Wednesday, June 25, 2008

The Cost of Non-Family Families

Good intentions, maybe a solution--but the premise is inaccurate.

The home environments of some youths make getting to college nearly impossible, a group called the Wisconsin Coalition for a Public Boarding School said Tuesday

The coalition of philanthropists, educators, politicians and business leaders announced its intention to raise more than $30 million in private funds to open a Milwaukee school for at-risk students in three years. The group also plans to persuade legislators to allocate state funding for the college-prep program...

That State taxpayer contribution would be $10 million or so. Cost will be about $30K/student, roughly 300% of the current MPS spending level. Reason for that cost?


The root-cause premise is wrong:

“What we have in our community right now is a crisis in education,” said Cory Nettles, former state secretary of commerce and a member of the coalition.

Mr. Nettles: you have a crisis in FAMILIES--or more accurately, in NON-families--which causes a "crisis in education."

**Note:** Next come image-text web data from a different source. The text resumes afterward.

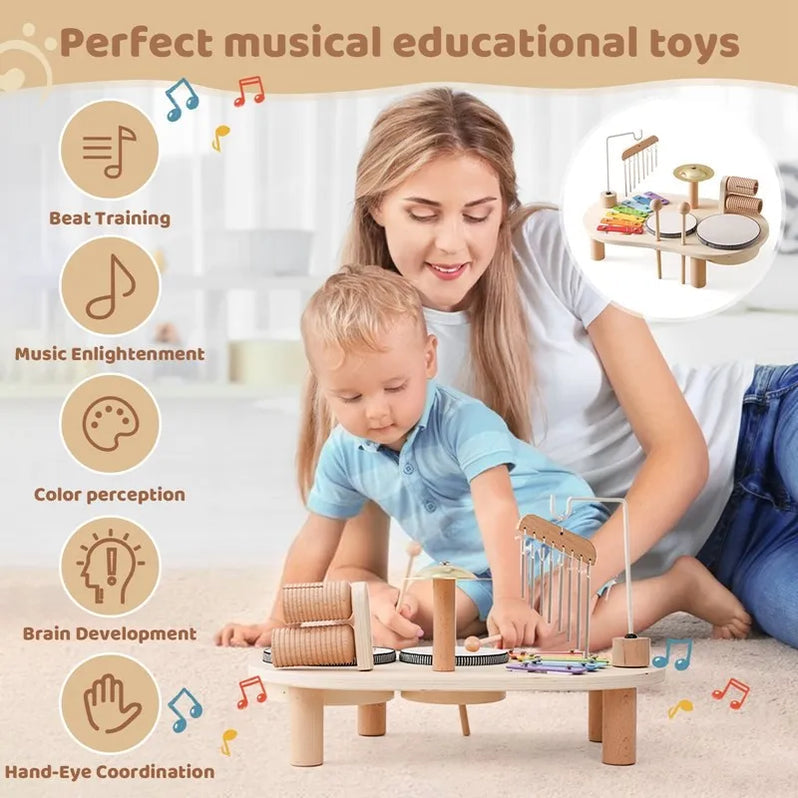 Kids' Music Station for Creative Fun – Ideal for Boys and Girls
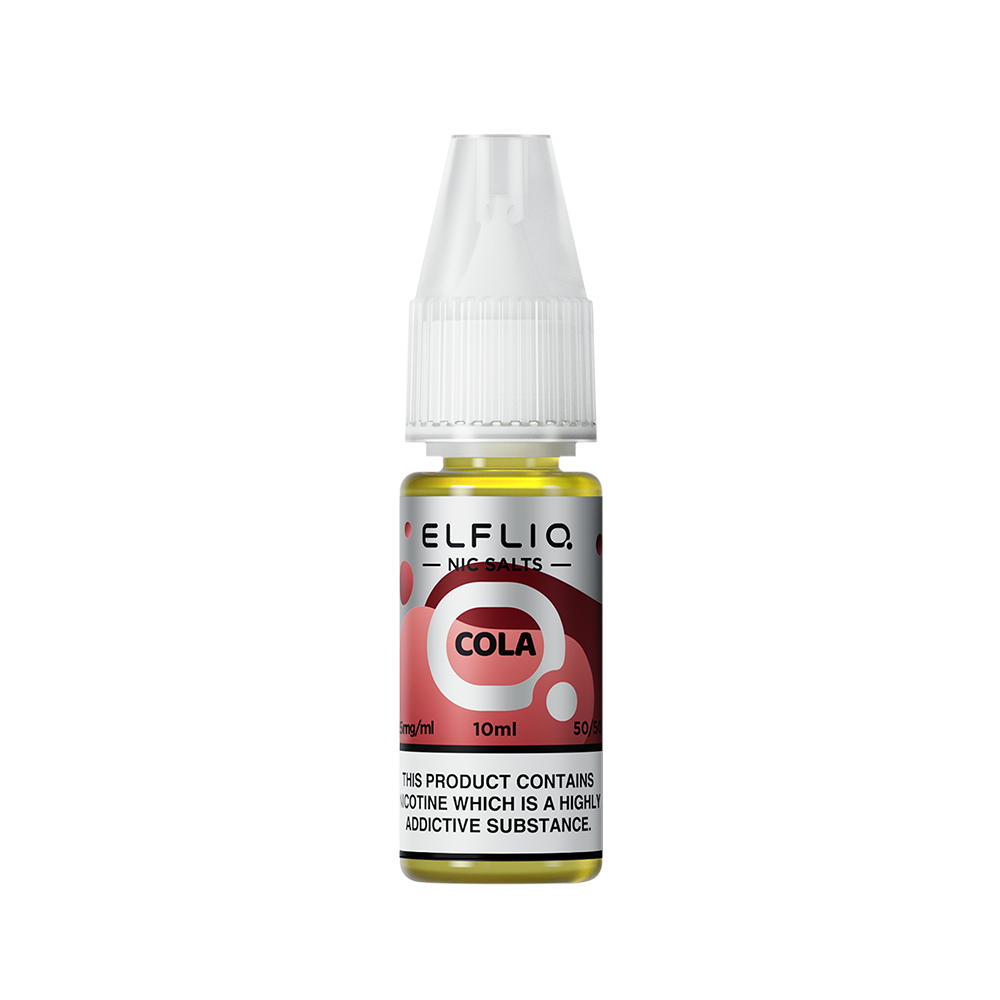 Elfliq - Cola - Nic Salt E-Liquid – 10ml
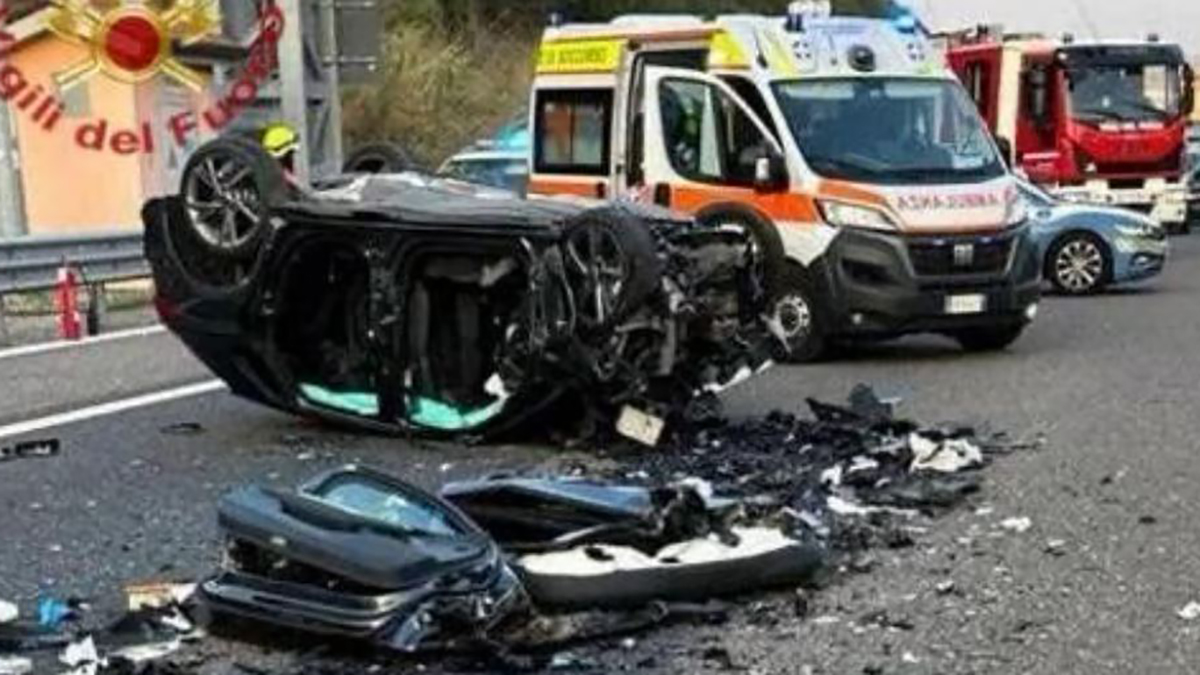 Brescia, 87enne contromano in autostrada causa un incidente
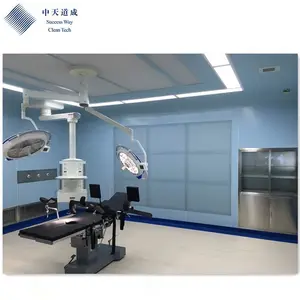 ISO 7 clean room project in modular operation theatre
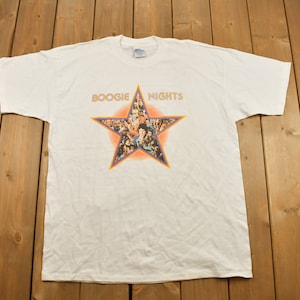 Vintage 1990s Boogie Nights Movie Promo T-shirt / Vintage Movie Tee / Rare Vintage
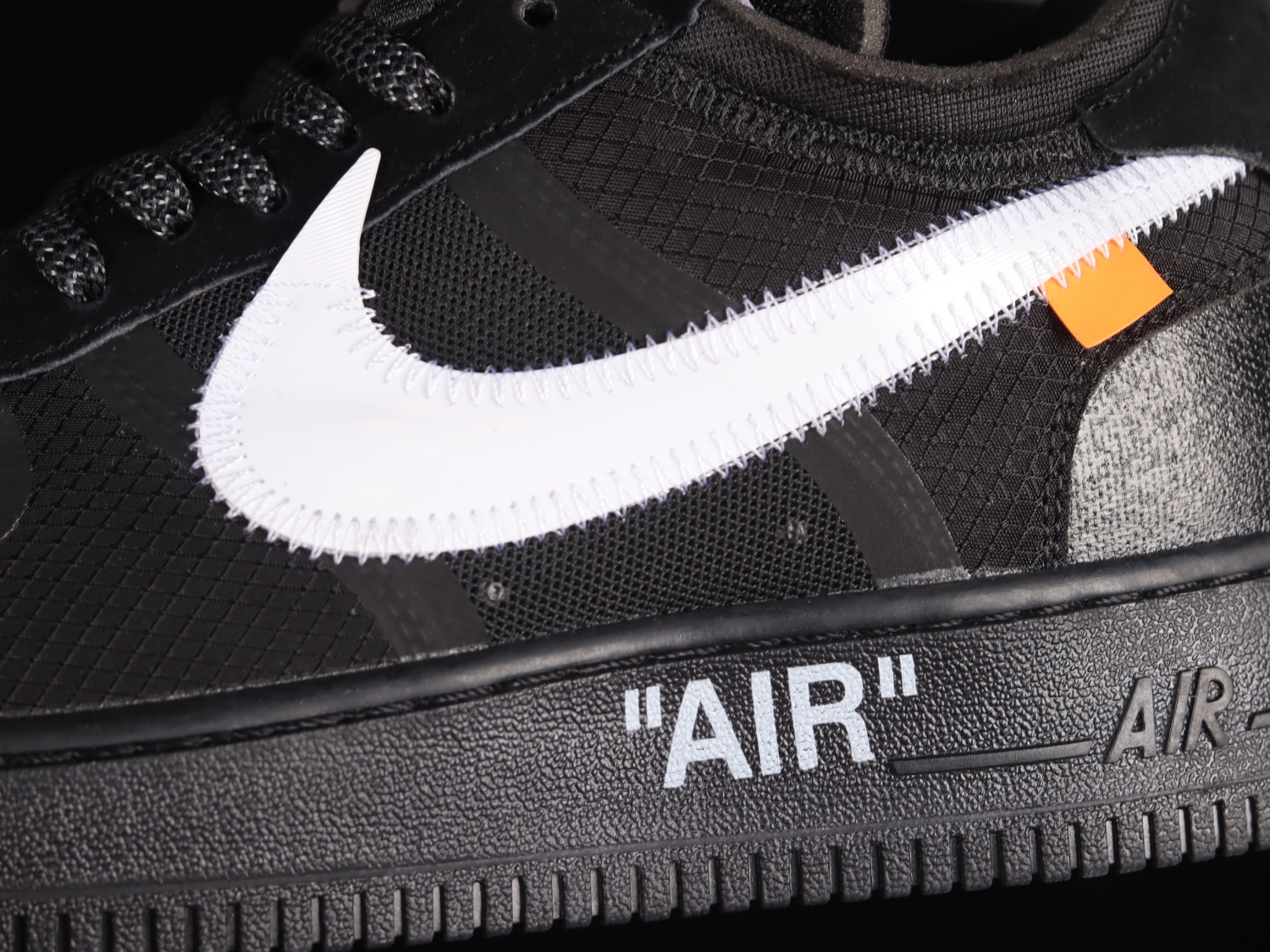 Nike Air Force 1 Low Off-White Black White AO4606-001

As Mr. Harris is wont to say: "It's the Culture, Stupid!!"

A Milwaukee school would provide wraparound services such as intensive tutoring, lessons in conflict resolution and communication skills to young people who struggle in their current school placements. The combination has worked in Washington: 97% of that SEED school’s graduates have gone on to four-year colleges, according to the group’s literature.

The Milwaukee Boarding School Foundation was founded by local philanthropist Marty Stein prior to his death in 2006. Dan Bader, president of the Helen Bader Foundation, is now vice president of that group’s board.

“Marty saw a gap for those kids and those families who needed a really intensive experience in the form of an urban boarding school,” Bader said.

The coalition’s next steps will be to rally support among state lawmakers and to help raise money

Good intentions. Good people.


Anonymous said...

Could this be the Democrat version of the Newtonian orphanage? We need some sort of clearinghouse to put those bedraggled miscreants.

Anonymous said...

Check this out: MPS already runs an ad-hoc version of a boarding school. at Vincent High School. According to a woman I know who worked there until a year ago, Vincent houses upwards of a hundred kids every night. They sleep there, eat there, live there. Teachers donate food and clothing. When I first heard that I couldn't believe it, but I don't doubt it. And why don't we hear about that in the media??